- **Work to complete**
In the copy, include no images, and repeat each entry precisely as written.

- **Materials provided**
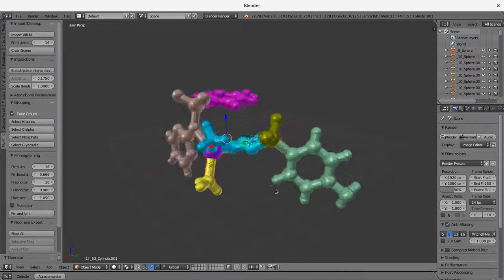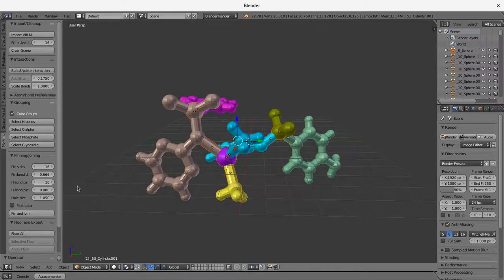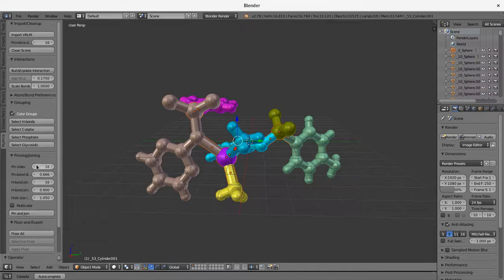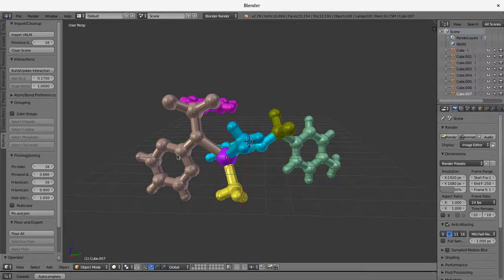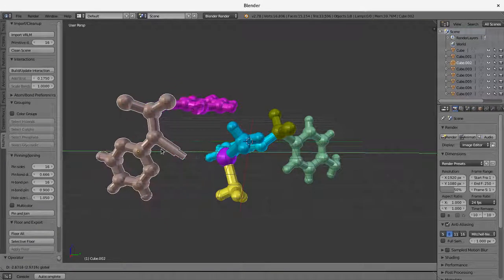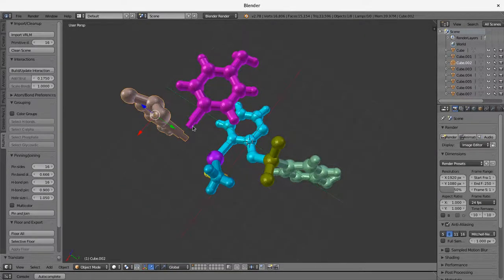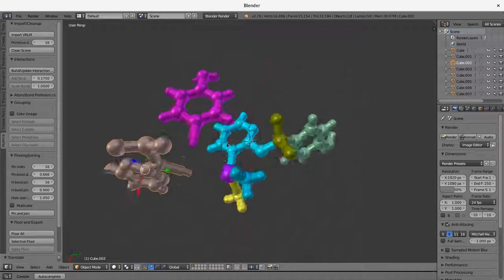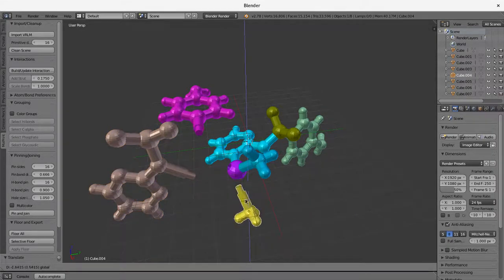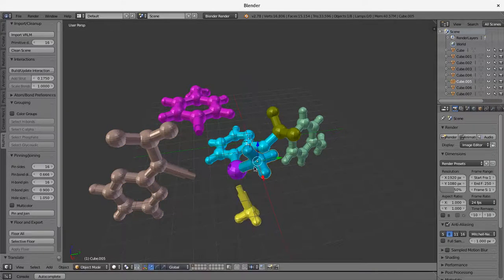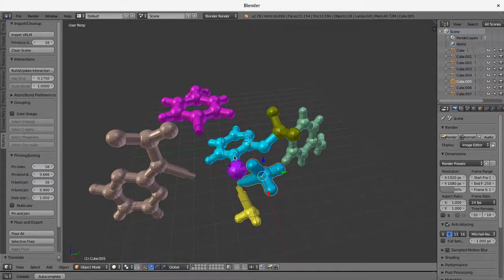This all looks pretty good. So now we can go ahead and we can pin and join this. And in this case, I'm going to use just all of the standard settings, 16 sides, cylindrical pins, etc. But these things can be changed. And in just a second, we now have a series of individual objects which contain the necessary pins and holes. And I'll just move these apart so you can see all of the individual pieces.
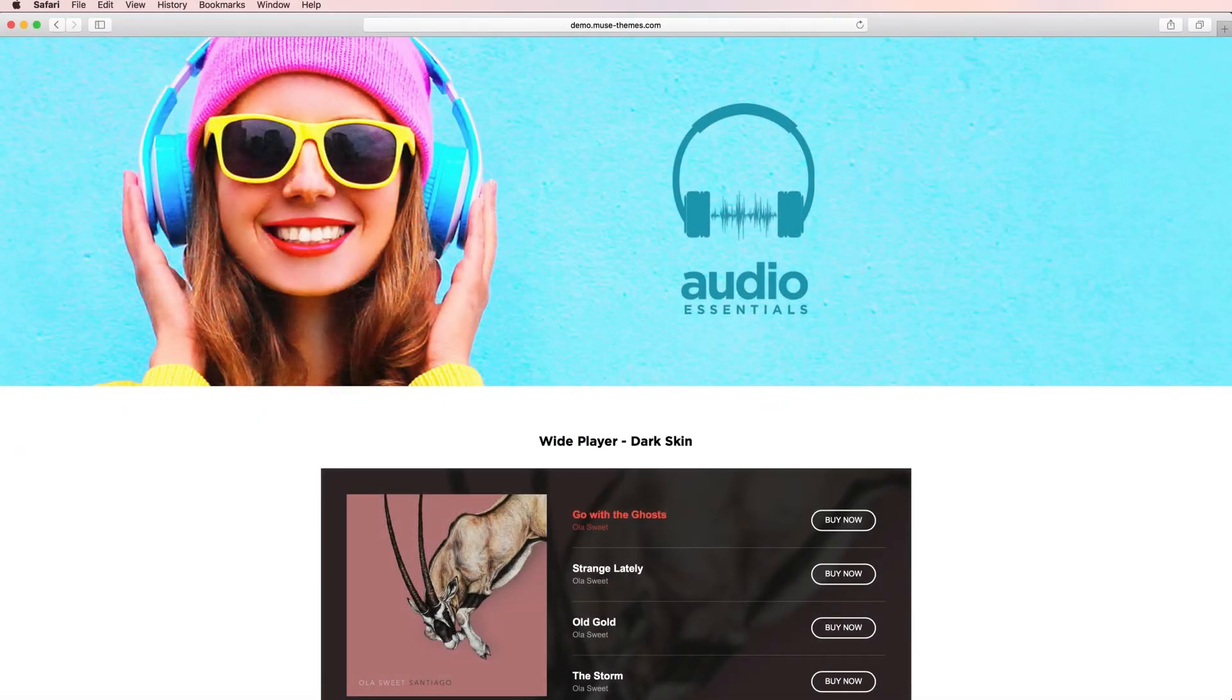Greetings, everyone. This is Ashton with Muse Themes. I can't wait to share with you guys today's newest release, our Audio Essentials Widget.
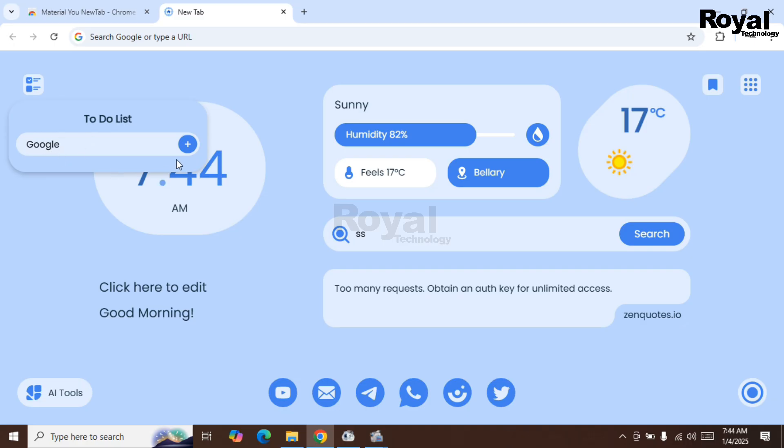Just type something, click on plus, it will add. Once that task is done, you click on here, it will close. Like that, you can use it.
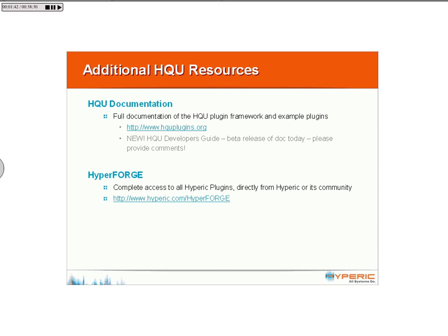If you'd like to follow along or want more information, the HQUplugins.org site is the place to currently get the documentation. There is a document that Marie has developed, which I will show later on in the session, which has much more full, rich documentation and information to kind of start to finish.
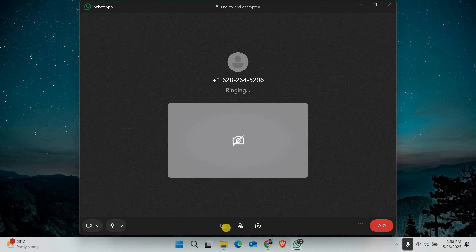Now the person you're talking to will see exactly what's on your screen. You can switch between apps or show anything you want during the call. To stop sharing your screen, just click the stop button or the screen share icon again. And that's it — sharing your screen on WhatsApp video calls is super easy on PC and Mac.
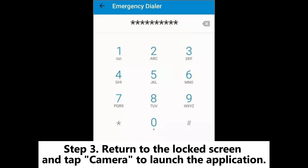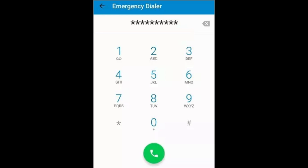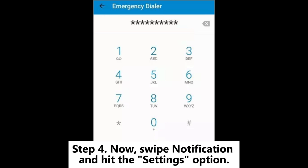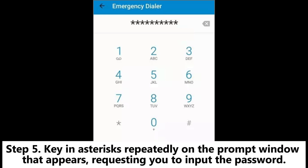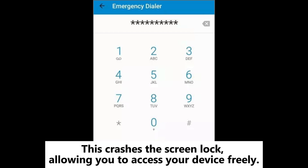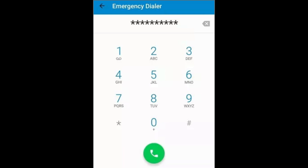Step 3: Return to the lock screen and tap the camera to launch the application. Step 4: Swipe the notification panel and hit the settings option. Step 5: Key in asterisks repeatedly on the prompt window that appears requesting you to input the password. This crashes the screen lock, allowing you to access your device freely.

- **Solution to this problem**
This all looks pretty good. So now we can go ahead and we can pin and join this. And in this case, I'm going to use just all of the standard settings, 16 sides, cylindrical pins, etc. But these things can be changed. And in just a second, we now have a series of individual objects which contain the necessary pins and holes. And I'll just move these apart so you can see all of the individual pieces.
Greetings, everyone. This is Ashton with Muse Themes. I can't wait to share with you guys today's newest release, our Audio Essentials Widget.
Just type something, click on plus, it will add. Once that task is done, you click on here, it will close. Like that, you can use it.
If you'd like to follow along or want more information, the HQUplugins.org site is the place to currently get the documentation. There is a document that Marie has developed, which I will show later on in the session, which has much more full, rich documentation and information to kind of start to finish.
Now the person you're talking to will see exactly what's on your screen. You can switch between apps or show anything you want during the call. To stop sharing your screen, just click the stop button or the screen share icon again. And that's it — sharing your screen on WhatsApp video calls is super easy on PC and Mac.
Step 3: Return to the lock screen and tap the camera to launch the application. Step 4: Swipe the notification panel and hit the settings option. Step 5: Key in asterisks repeatedly on the prompt window that appears requesting you to input the password. This crashes the screen lock, allowing you to access your device freely.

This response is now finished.